Tapie: avant le retour...
La nouvelle est tellement stupéfiante qu'elle semble laisser circonspecte notre presse nationale, qui attend sans doute d'en savoir plus avant de faire ses gros titres. Sans attendre, le retour annoncé de Bernard Tapie sur le théâtre de ses exploits passés appelle pourtant quelques commentaires…
Auteur : Julie Grémillon
le 9 Mai 2000
En novembre, le Conseil d'Etat rendait un arrêt qui jugeait illégale la décision de la FFF de retirer à Bernard Tapie sa licence de dirigeant de club, au motif que Noël Le Graët, qui présidait la séance de ce conseil fédéral, avait publiquement pris parti sur cette affaire dans un entretien au journal La Croix en octobre 1993. Techniquement, cette décision signifiait tout simplement que l'ex-président marseillais pouvait revenir aux affaires. A l'époque, le président de la Ligue s'était contenté de dire qu'il était respectueux de la loi: "s'il veut reprendre un club, il devra se conformer aux règles qui ont été édictées depuis". Et il est vrai que le ménage consécutif aux années Tapie a considérablement changé la donne. Plus intéressante était la réaction du principal intéressé dans L'Equipe du 28 novembre dernier: "Que M. Le Graët se rassure: je ne lui demanderai pas une licence demain matin (…). Le foot a été un épisode trop douloureux de ma vie pour que j'y replonge". L'inénarrable Nanard a visiblement changé d'avis depuis… Le concours de pronostic sur sa future destination est donc ouvert, et n'exclut pas l'étranger. A moins qu'il ne s'agisse que d'une simple opération de promotion à l'occasion de la sortie de son roman (qui parle évidemment de football). Ce ne serait pas plus étonnant que ça.
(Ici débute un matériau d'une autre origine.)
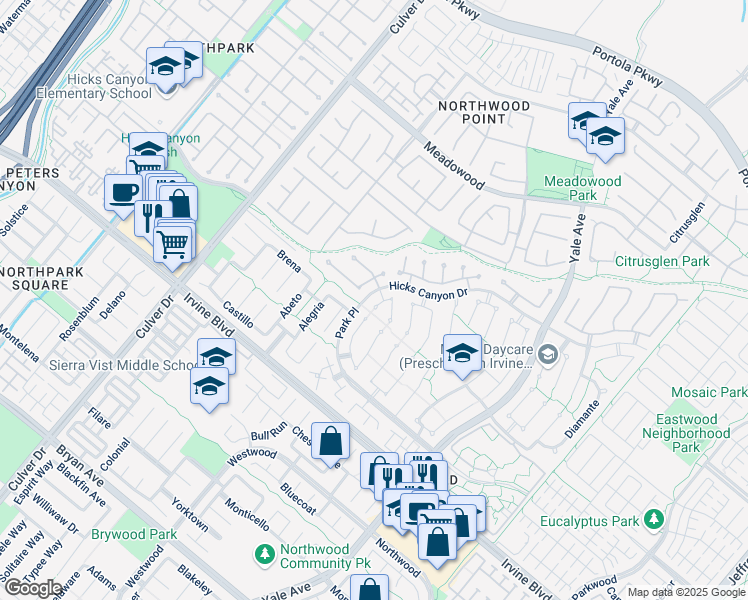 map of restaurants, bars, coffee shops, grocery stores, and more near 2 Kara in Irvine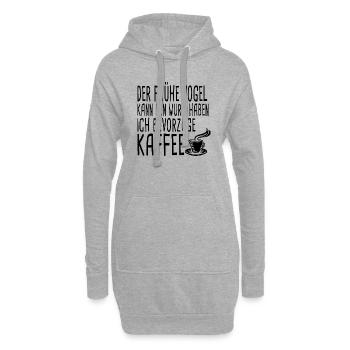 Der frühe Vogel kann den Wurm haben Ich bevorzuge - Hoodie-Kleid - Grau meliert - Vorne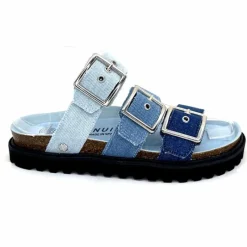 Vacances|Compensées & Plateformes<genuins factory s.l Mules Genuins G105685 Textile Denim Bleu
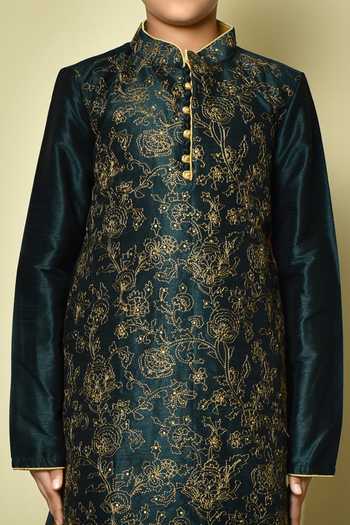 Petite Pomme_Green Silk Embroidery Floral Kurta Dhoti Pant Set _at_Aza_Fashions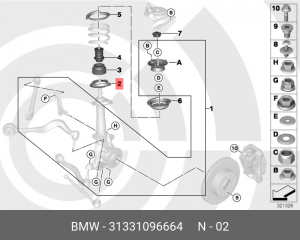 Прокладка BMW 3 (E46),5 (E39) пружины передней нижняя OE 31 33 1 096 664 BMW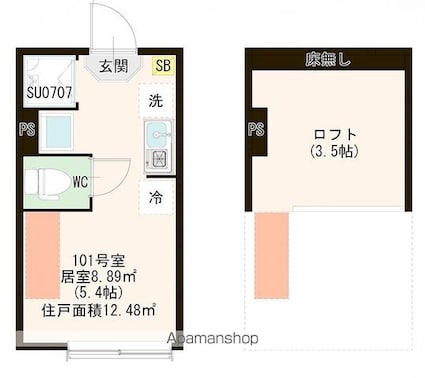 ハーモニーテラス板橋宮本町[1R/12m2]の間取図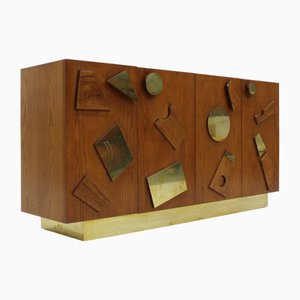 Italian Brutalist Sideboard in Wood and Brass
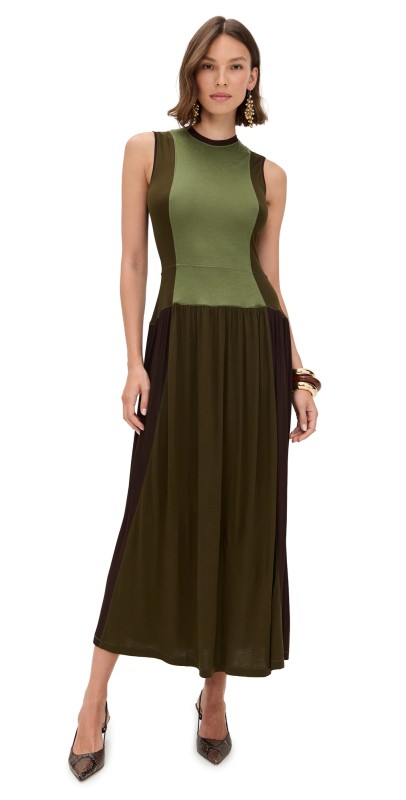 Ulla Johnson Amaliya Jersey Sleeveless Dress Militaire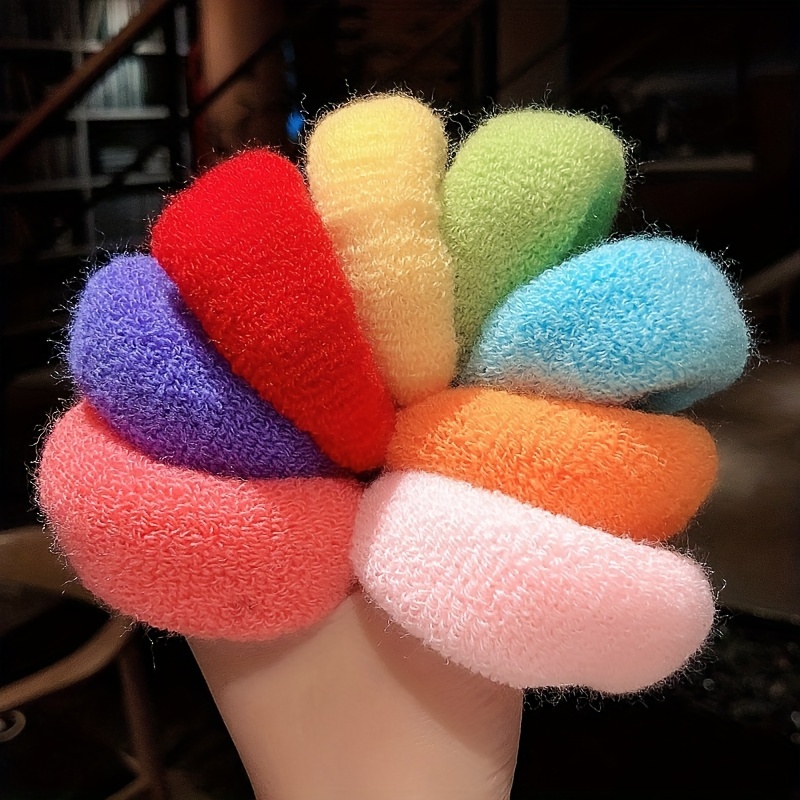 12pçs laços de cabelo de cor doce, algodão elástico, corda de cabeça, suporte de rabo de cavalo, faixa grossa sem costura, acessórios de cabelo para mulheres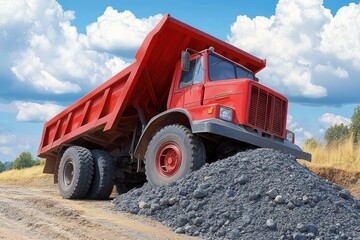 Obraz premium Red Dump Truck Unloading Gravel at Construction Site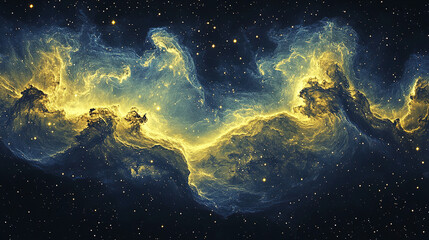 Obraz premium Stunning cosmic nebula displaying vibrant colors and intricate formations in deep space at night. Generative AI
On peut s'interroger ensuite sur les conditions de ce retour, et sur le niveau de responsabilité de notre dirigeant, qui n'est plus rien économiquement et politiquement. "Ni entraîneur (!), ni président", a-t-il déclaré, ce qui dessine un poste de manager sportif où il pourra exercer l'essentiel des qualités qu'on lui connaît. En tout cas, ses premières déclarations, distillées dans les médias (Nouvel Observateur, Nice-Matin, La Montagne, Europe1…), ne laissent aucun doute sur le registre adopté: Tapie marche toujours au discours démagogique qui fit autrefois merveille, et qui pourrait toujours faire recette. Aussi péremptoire qu'en ses plus grands jours, il fustige le "caporalisme du foot français", assure "croyez-moi, Anelka à l'OM, du temps où j'y étais, il aurait été meilleur que Ronaldo", invente un quota de joueurs issus du centre de formation… Mais sur le plan économique, soyez certains du camp qu'il choisira: avec beaucoup moins d'imagination, il prône déjà l'introduction des clubs en bourse et réclame des droits de diffusion à la hauteur des grands pays européens. Le Club Europe pourrait trouver ainsi un nouvel animateur et Jean-Michel Aulas un allié très médiatique.
Restons-en là, en l'absence d'éléments plus précis. Si un tel retour devait advenir, particulièrement dans ce pays, quelques spectres se dresseraient sur les terrains et nous redonneraient l'impression que le foot français ne guérira jamais vraiment de ses plus grands maux… Nous aurons alors l'occasion d'en reparler.